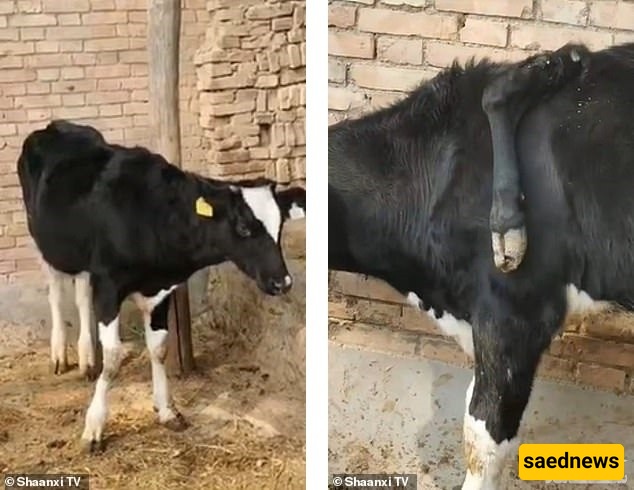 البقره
--
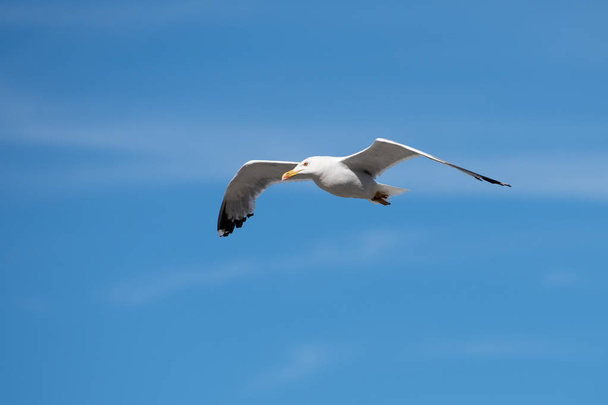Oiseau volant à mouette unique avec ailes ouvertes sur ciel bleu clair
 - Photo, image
...
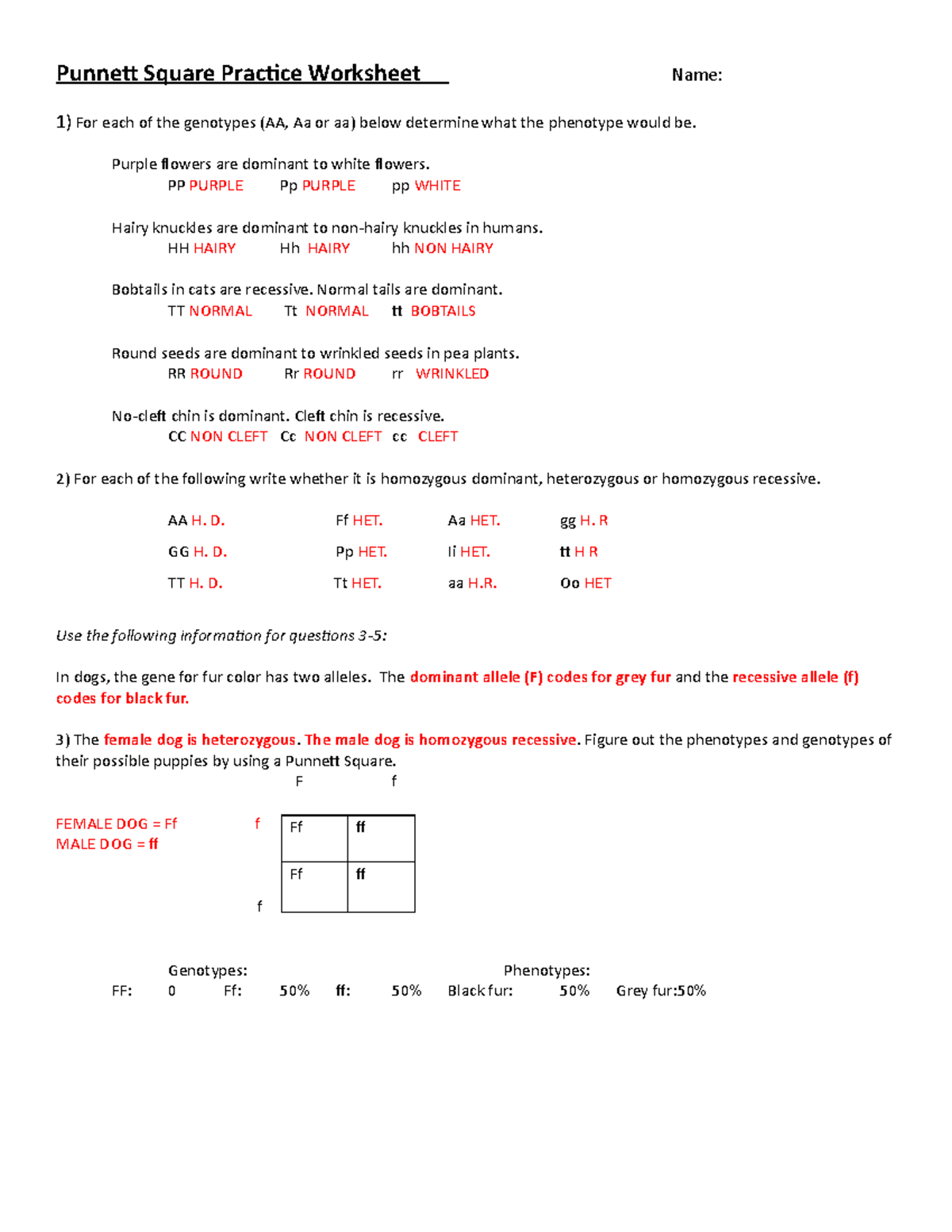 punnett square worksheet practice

• [Task requirements]:
The answer should consist only of the lines above from the one with "Oiseau volant à" through the one with "- Photo, image", repeated exactly, with no pictures among them.

• [Output of the exercise]:
Oiseau volant à mouette unique avec ailes ouvertes sur ciel bleu clair
 - Photo, image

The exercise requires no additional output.